The side bonus is that people who don't have much exposure to Wikipedia can get familiar with it. As I alluded to earlier, it's not going to be a nerdy subculture much longer. It's going to be a fundamental life resource. ISYN. So gettin' hip to it can't hurt.

Brief primer for you ignints: 'wiki' was conceived as a technology in the spirit of Open Source, and allowed communities to freely collaborate on the creation and editing of web pages. Early wiki stuff was cool because you could live-edit some web page somewhere without messing around with its HTML. Groups used it to brainstorm, to plan projects, to keep lists, etc. You just pressed the EDIT button on the page and typed stuff into an interface not unlike the one this blog uses.

Wikipedia is the same way. Anyone can edit ANY page on the site at ANY time, even anonymous users, and even the most frequently viewed and important pages. There is a very smart system that keeps track of every edit the page gets, so that, for instance, if a vandal deleted the entirety of the U.S. History article, the next person could just revert it to the previous version. You can see the entire history of edits of a given page at any time, scrolling through it one-by-one if you want to. Each edit shows who made it, too, unless it was anonymous, in which case the editor's IP address is shown.

Each article (and there are 1.1 million of them and counting) also has a 'Talk' page, where users can discuss and/or debate and/or argue about which edits are good and which suck. This democratic and egalitarian approach turns out to result in some very high-quality articles, and for that reason is pretty amazing considering the whole thing runs on donated time.

Anyway, there's a lot more to it than that. If you want a real intro, go here.

Cool, lemme know whatchall think.

5 comments:

chad said...
This comment has been removed by a blog administrator.
chad said...

It's a great idea. I've been doing some freelance work that had me doing research on everything from Navajo code talkers to abolitionist schools. It is to the point where typing "Navajo" into Google basically gets you a bunch of links for headdress refrigerator magnets. The company I worked for wasn't all that keen on me using that as a resource, but I think that will change. In any case it was an excellent guide to facts that could be checked elsewhere.
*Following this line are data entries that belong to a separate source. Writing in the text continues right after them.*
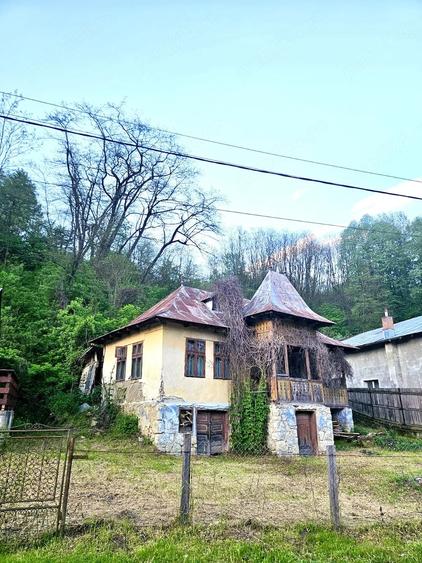 Teren Provita de Jos Prahova - 3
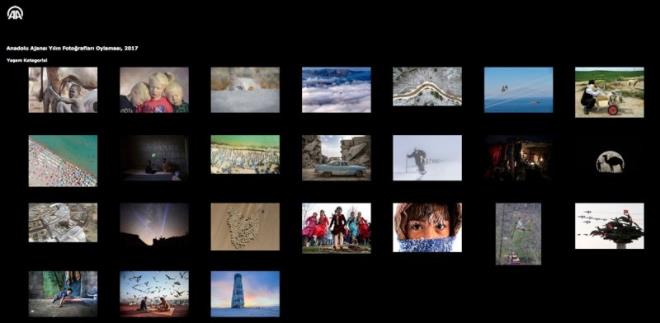 Cumhurbakan Recep Tayyip Erdoan, Babakan Binali Yldrm, bakanlar, brokratlar, sporcular ve ok sayda sanatnn oylamaya katld geleneksel "Yln Fotoraflar" yarmasnda, haber kategorisinde 21, yaam kategorisinde 24 ve spor kategorisinde 23 kare fotoraf yer alyor.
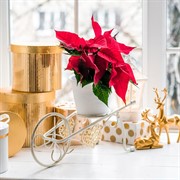 Подставка под цветы на подоконник 950-039WG - фото 61168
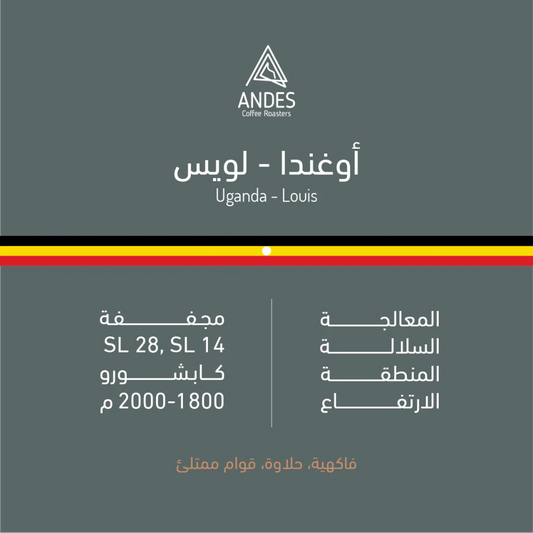 Uganda- Louis | Andes Roastery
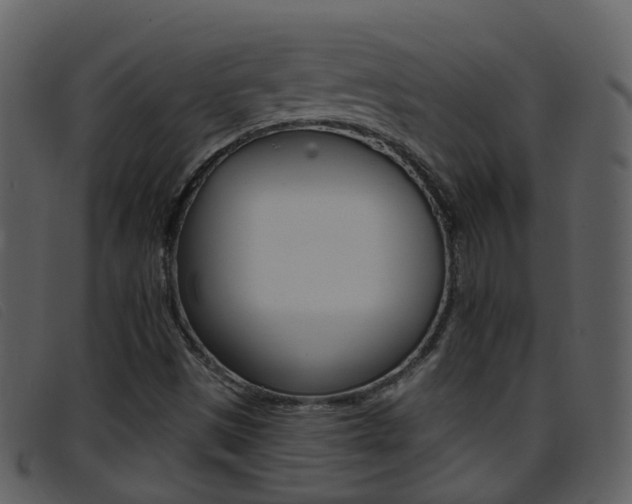 X0000096661497200802050945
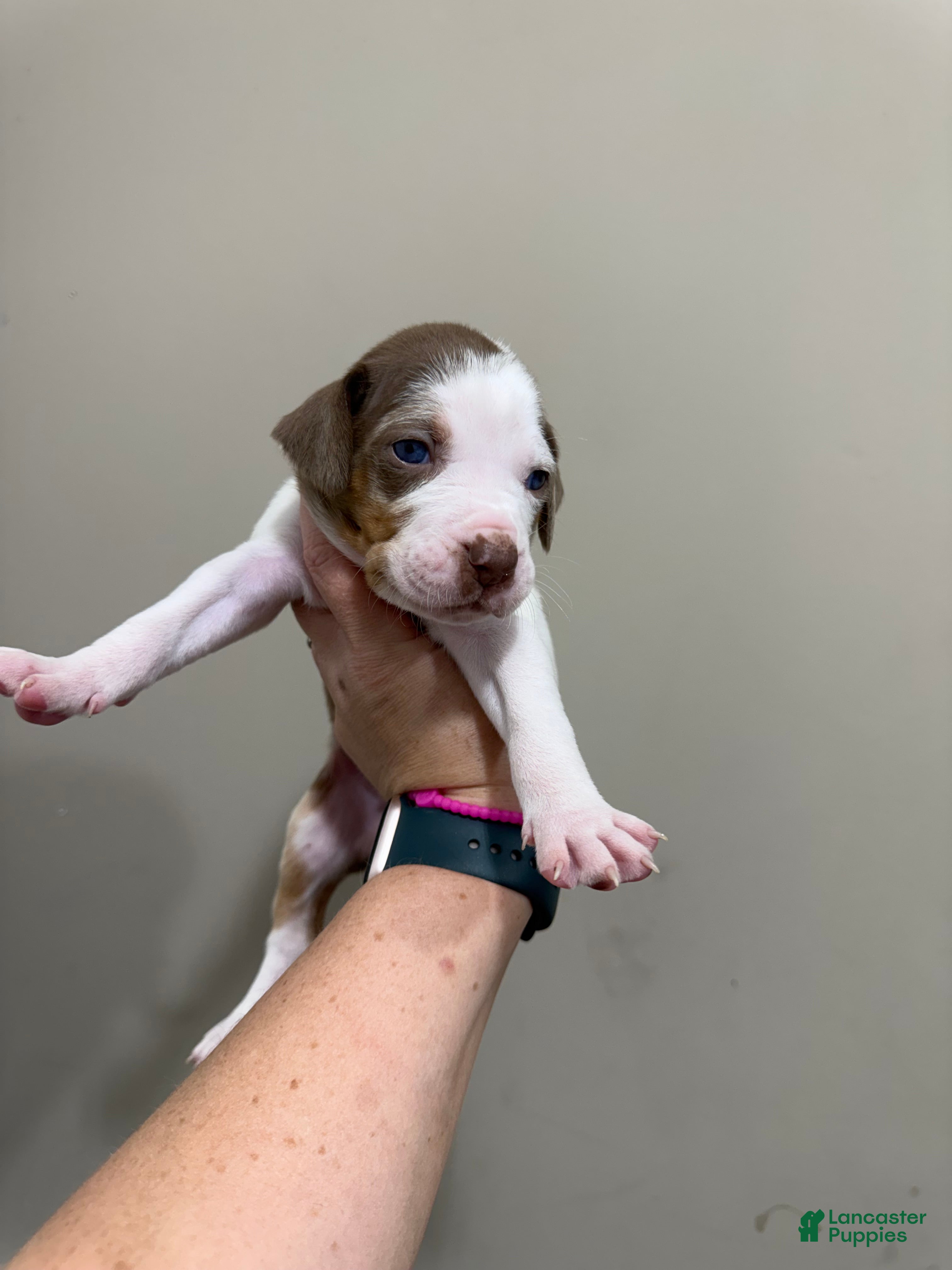 Catahoula Leopard Dog dogs DM #2 - Ad 2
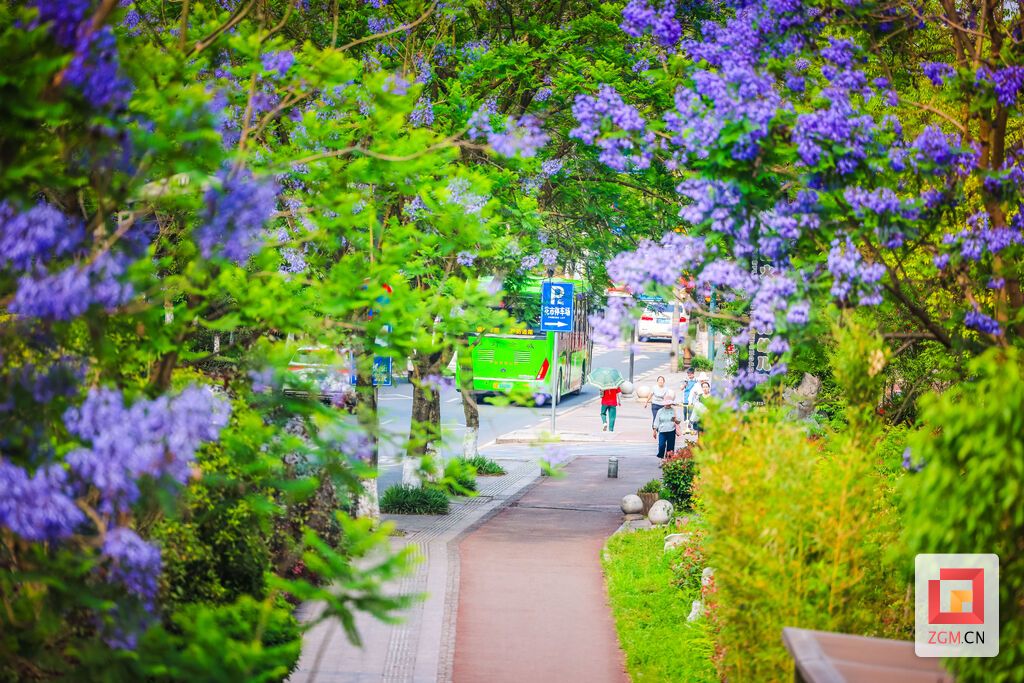 花影摇曳，把城市的日常染成紫色浪漫。记者 宋姿熠 摄.jpg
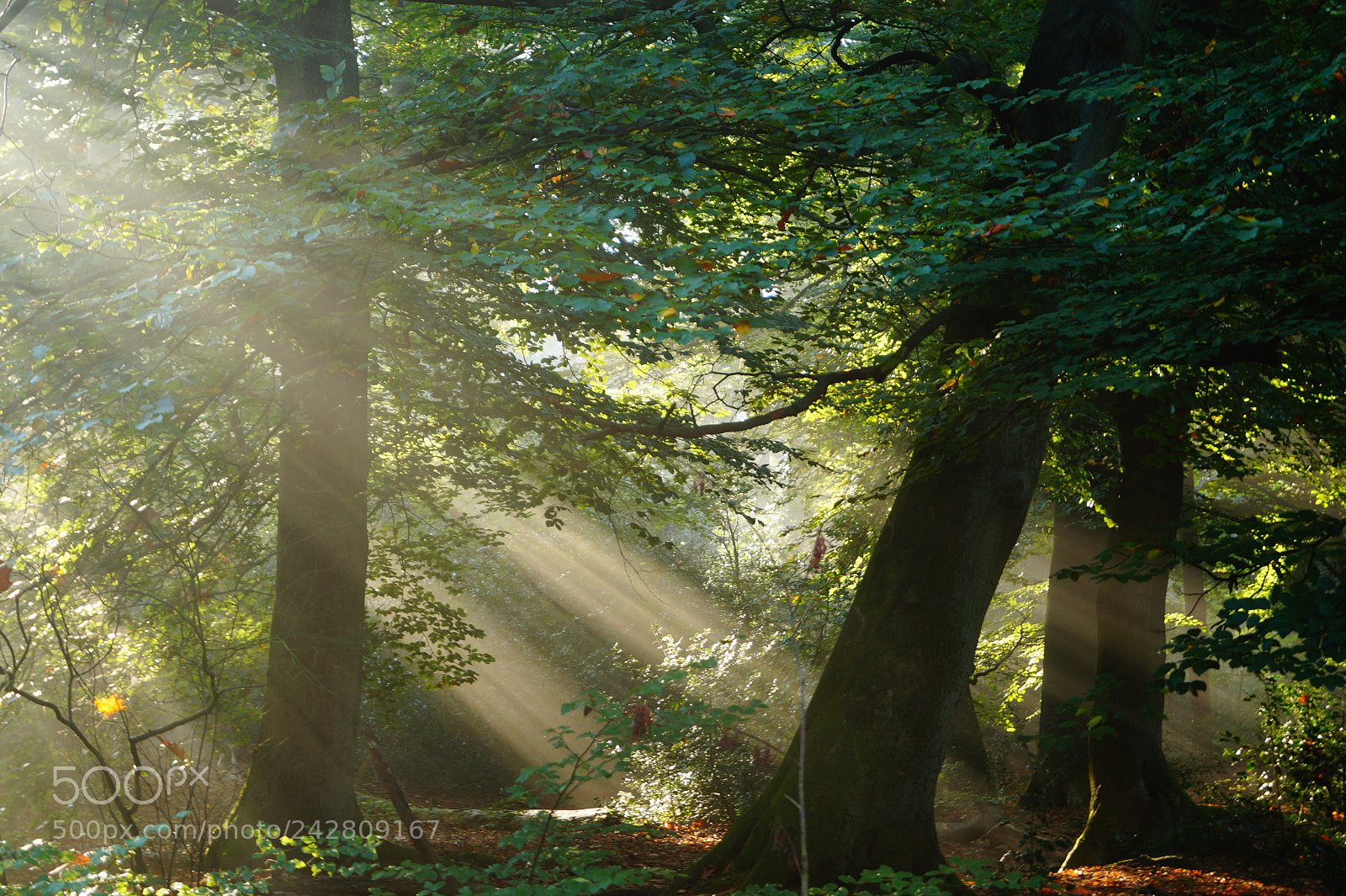 Sony SLT-A58 sample photo. Magic in the forest. photography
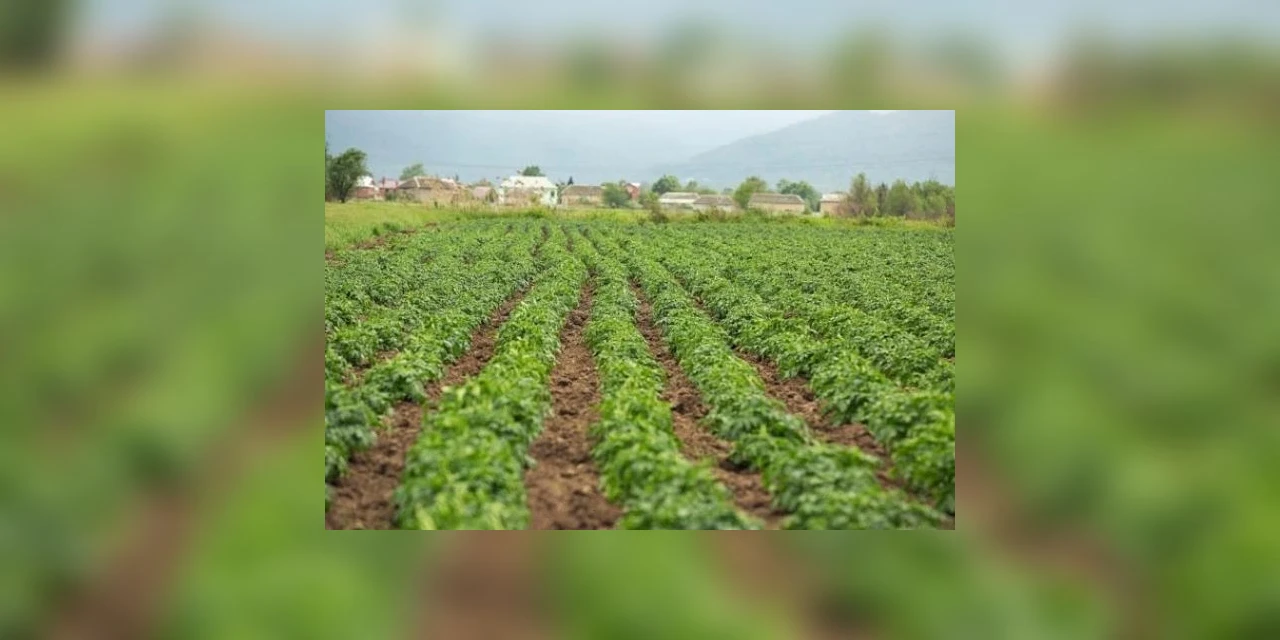 Geada é mais preocupante do que neve para a agricultura, afirma professora da UEPG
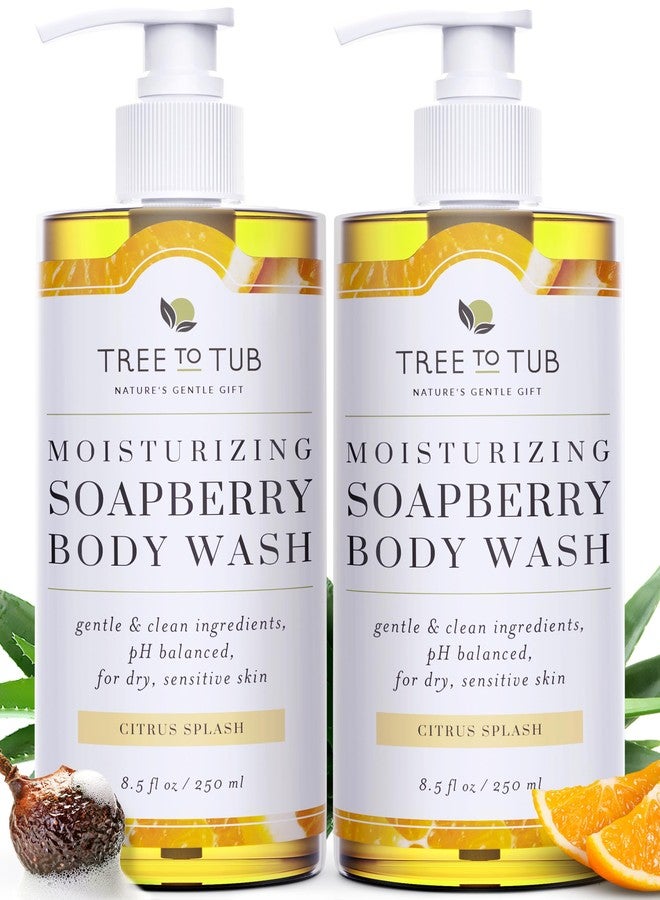 Tree to Tub Citrus Body Wash for Dry Skin & Sensitive Skin - pH Balanced Moisturizing Body Wash, Hydrating Sulfate Free Body Soap for Women & Men w/Organic Shea Butter, Aloe Vera, Natural Soapberry - Image 1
This is interesting too.

http://news.com.com/Study+Wikipedia+as+accurate+as+Britannica/2100-1038_3-5997332.html

Sorry, hyperlinking is beyond my powers. In terms of errors, they are right there.

PJKM said...

Plunge - you are so perky: who can say no to you?

the plunge said...

Perky? That's hideously emasculating. What am I, Katie Couric?

Michael Andersen said...

FWIW, I just created an entry for Prairie Lights. It's right on the edge of Wikipedia-worthiness, I think, but folks who know it better might be able to add more noteworthy stuff.

Alternatively, attending Grinnell might have just given me a bizarrely inflated idea of the store's importance. Ignore it, and the article will likely go away.